Brazil has reported more than 211,000 deaths linked to the novel coronavirus since the pandemic began – the second-highest tally in the world after the United States – and more than 8.57 million COVID-19 cases, according to Johns Hopkins University.

The country’s Amazonas state has been particularly hard hit by a recent surge in infections.
Brazilian Health Minister Eduardo Pazuello said last week that the hospital system in Manaus was collapsing, as health facilities were short-staffed and quickly running out of oxygen.

Amazonas has recorded at least 232,000 cases of COVID-19 since the start of the pandemic, according to official figures.

Hospitals in Manaus have admitted few new COVID-19 patients, causing many to suffer from the disease at home and some to die.

Many doctors have had to choose which COVID-19 patients will get oxygen, while desperate family members searched for oxygen tanks for their loved-ones.

The city is receiving an average of four Brazilian air force flights per day to bolster oxygen stocks, along with one shipment per day from the city of Belem near the mouth of the Amazon river, according to officials.

Brazil also is battling bureaucracy in China to free up exports of active ingredients for vaccines developed by AstraZeneca and Sinovac Biotech, three people familiar with talks told the Reuters news agency on Tuesday.

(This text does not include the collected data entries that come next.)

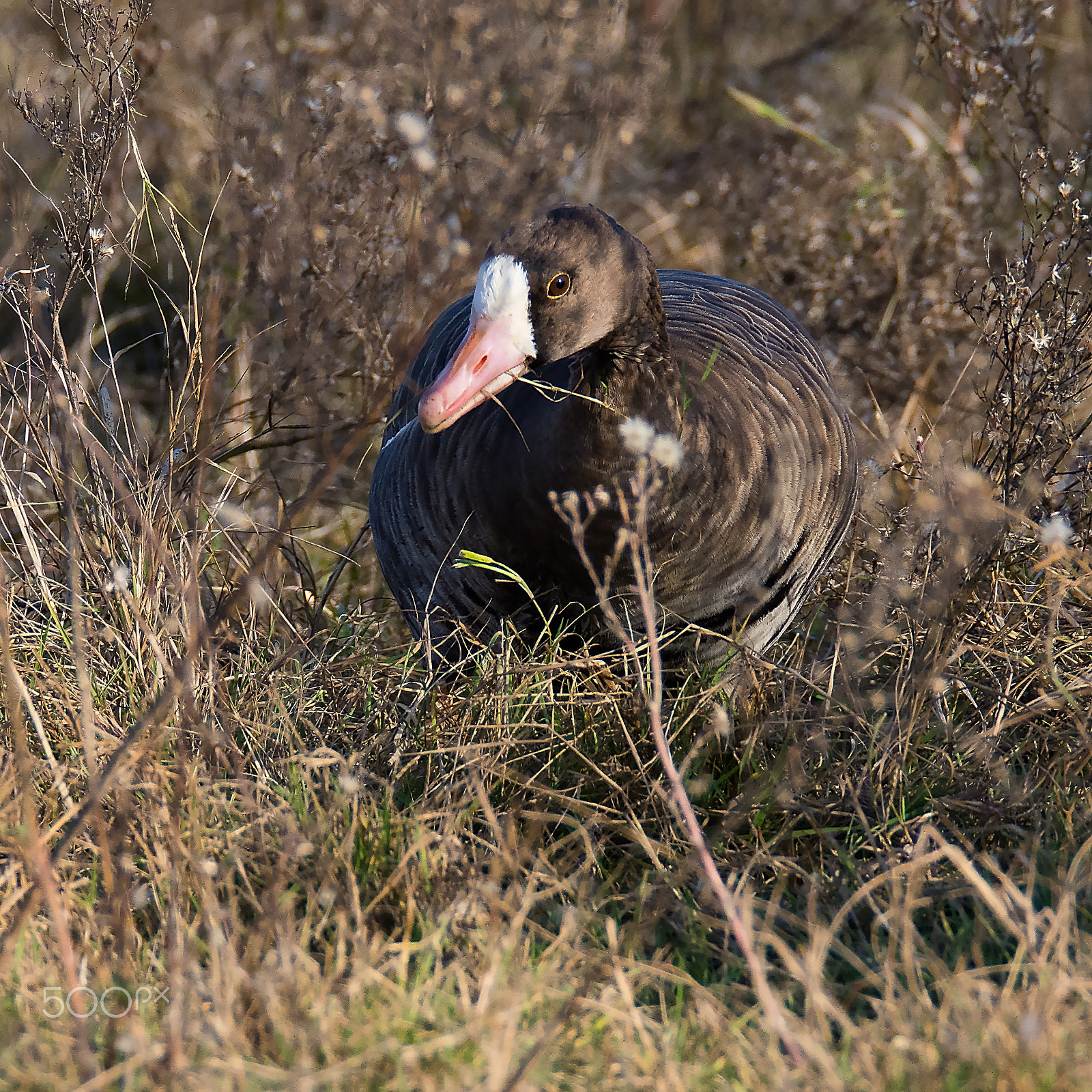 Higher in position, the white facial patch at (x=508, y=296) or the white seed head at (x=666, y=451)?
the white facial patch at (x=508, y=296)

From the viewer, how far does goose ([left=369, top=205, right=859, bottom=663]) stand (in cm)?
276

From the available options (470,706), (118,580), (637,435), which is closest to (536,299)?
(637,435)

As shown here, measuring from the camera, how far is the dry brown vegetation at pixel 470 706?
1.98 metres

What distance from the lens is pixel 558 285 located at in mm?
2760

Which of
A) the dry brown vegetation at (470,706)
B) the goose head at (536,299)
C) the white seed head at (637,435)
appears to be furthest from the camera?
the goose head at (536,299)

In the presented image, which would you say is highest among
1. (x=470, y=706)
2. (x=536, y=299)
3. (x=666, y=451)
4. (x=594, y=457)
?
(x=536, y=299)

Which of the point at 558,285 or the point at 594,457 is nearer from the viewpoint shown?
the point at 558,285

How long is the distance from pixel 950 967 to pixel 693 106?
19.1 ft

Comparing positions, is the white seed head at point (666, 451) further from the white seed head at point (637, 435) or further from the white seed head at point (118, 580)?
the white seed head at point (118, 580)

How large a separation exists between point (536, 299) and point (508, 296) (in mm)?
66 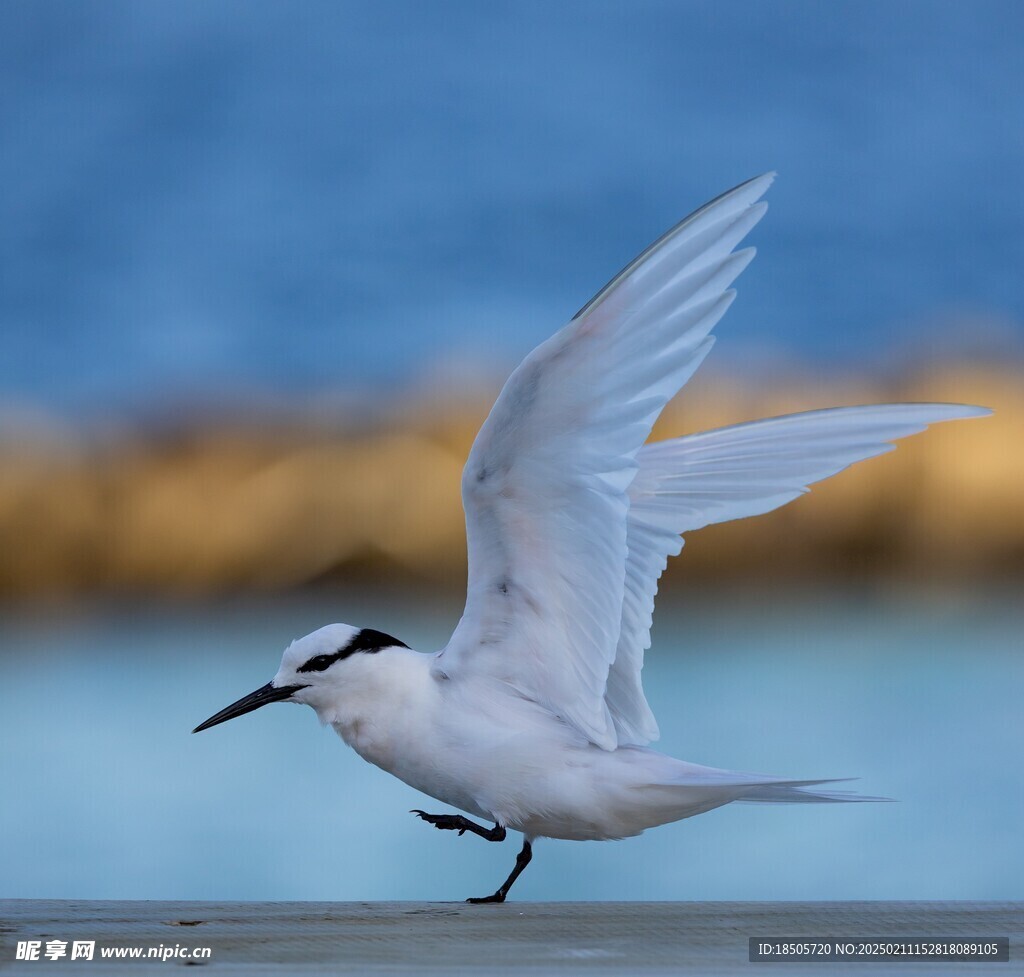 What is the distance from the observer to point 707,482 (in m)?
2.73

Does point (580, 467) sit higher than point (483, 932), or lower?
higher

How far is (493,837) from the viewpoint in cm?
239

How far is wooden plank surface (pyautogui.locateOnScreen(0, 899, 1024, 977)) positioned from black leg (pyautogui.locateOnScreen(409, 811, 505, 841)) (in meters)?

The issue could slow the country’s vaccination drive.
The sources, who spoke anonymously due to diplomatic sensitivities, said red tape in China was holding back supplies needed for Brazil to finish and distribute millions more doses from its own biomedical facilities.

“It’s a new situation, and there’s a bureaucratic problem. The Chinese are still defining procedures, which takes time,” one source said. “There’s also a relative scarcity of supplies.”

Brazil’s federally funded biomedical centre Fiocruz said it would not be able to deliver finished doses of the AstraZeneca shot until March as it waits for the first shipment of active ingredients from China.
The institute had been aiming for one million doses by mid-February.